Le segreterie nazionali e territoriali di Slc Cgil, Fistel Cisl, Uilcom Uil, Ugl Telecomunicazioni, riferiscono di non aver «sottoscritto alcun accordo relativamente alla clausola sociale» per i lavoratori

ROMA Cgil, Cisl e Uil «comunicano la completa indisponibilità alla sottoscrizione di conciliazioni relativamente ai lavoratori coinvolti nel cambio di appalto ANAC e Comune di Roma».

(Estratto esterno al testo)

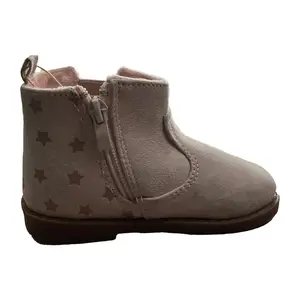 2024 Fashion Kids Shoes Girls Trendy Short Boots Children's Shoes Wearable Soft Bottom Children Shoes Comfortable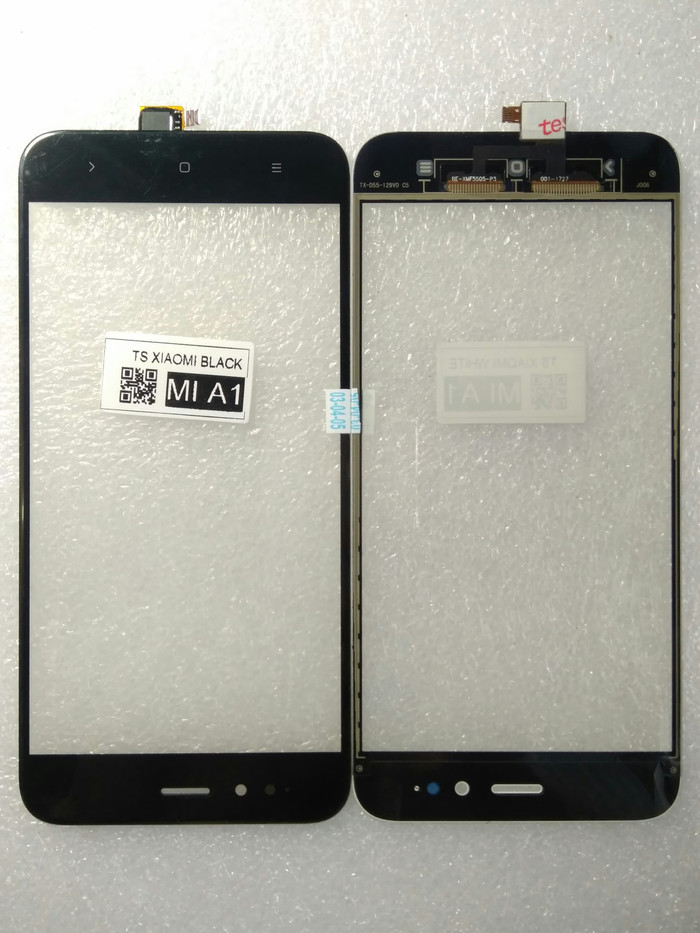 TS TC LAYAR SENTUH TOUCHSCREEN XIAOMI MI A1 / MI5X - Hitam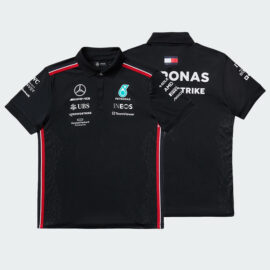 Mercedes-AMG Petronas Formula 1 Team Polo Shirt - Black Edition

Le segreterie nazionali e territoriali di Slc Cgil, Fistel Cisl, Uilcom Uil, Ugl Telecomunicazioni, in una nota, riferiscono di non aver «sottoscritto alcun accordo relativamente alla clausola sociale in riferimento ai cambi di appalto sulle attività di Contact Center di Anac e Comune di Roma, perché, come ripetutamente denunciato, quanto sta accadendo è una evidente elusione della L.11/2016 (“clausole sociale nei contact center”) ed in completa violazione del CCNL delle Telecomunicazioni».
«Al termine dell’incontro ministeriale dello scorso 24 settembre – fanno ancora sapere dalle segreterie nazionali – abbiamo chiesto unitariamente la possibilità di posticipare la data di inizio appalto presso i subentranti al fine di avere il tempo utile per individuare soluzioni che garantiscano continuità occupazionale, sia in termini salariali che di diritti, per i circa 200 lavoratori coinvolti. Ad oggi, nessun riscontro è pervenuto dalle committenze, anche per queste ragioni confermiamo i sit-in di protesta, lunedì 28 settembre in prossimità della sede Anac e martedì 29 settembre dinnanzi la sede del Comune di Roma, per ribadire le istanze delle lavoratrici e dei lavoratori dipendenti di Abramo CC, Covisian, Gruppo Distribuzione, Transcom, operanti sulle 2 attività oggetto della vertenza in atto».